Part Three – Analysis
3.1 Should any costs be ordered for prior steps in the case?
[ 27 ] The mother seeks costs for all prior steps in the case.
[ 28 ] The parties resolved the parenting time, enforcement of parenting time and communication issues between them on a final basis on October 3, 2025. Neither party sought costs nor sought to reserve costs at that time. It is not appropriate for the mother to currently seek costs pertaining to those issues.
[ 29 ] The trial was limited to the issues of decision-making responsibility and incidents of decision-making responsibility. The costs ordered will be limited to the trial step and any costs related to the trial issues that are not attributable to prior steps in the case.
3.2 Unreasonable behaviour
[ 30 ] The parties acted reasonably in settling many issues and focusing the trial on issues related to decision-making responsibility.
[ 31 ] The father submits that the mother should not be awarded any costs for the decision-making responsibility issues because of her unreasonable behaviour. The court agrees that the mother’s costs should be reduced due to unreasonable behaviour.

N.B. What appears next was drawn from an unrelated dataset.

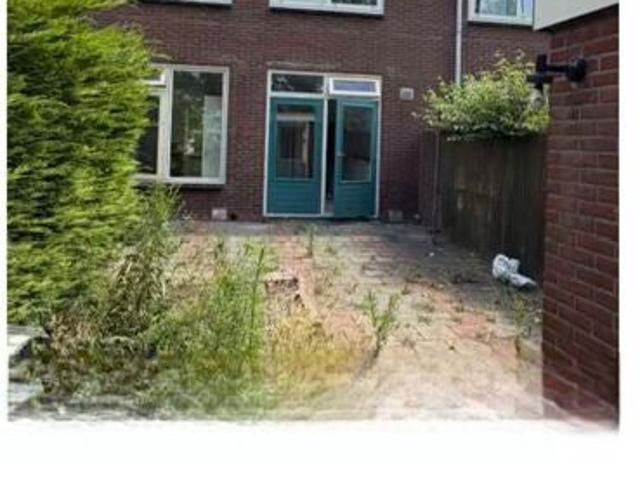 Appartement te huur in Zonnepark A4 Rijsenhout, Rijsenhout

It set out her unreasonable behaviour in the reasons for decision as follows:
a) She did not keep the father updated about the children’s schooling earlier in 2025.
b) She did not facilitate the father’s virtual parenting time with the children earlier in 2025.
c) She did not comply with the court order for the father’s summer parenting time in 2025.
d) She did not cooperate with the completion of the Voice of the Child Report that was twice ordered by the court.
[ 32 ] Further, the mother did not make an offer to settle. While the joint vs. sole decision-making responsibility issue was binary, compromises could have been reached regarding the incidents of decision-making responsibility. For instance, the court ordered that the mother consult with the father prior to making any major decision for the children. The mother opposed this at trial. The failure to make an offer to settle was unreasonable behaviour.
[ 33 ] However, the court disagrees with the father that the mother should not receive any costs. The court set out in the reasons for decision unreasonable behaviour by the father as follows:
a) He unilaterally wrote to the children’s public school seeking religious accommodation for them without first telling the mother he was going to do this.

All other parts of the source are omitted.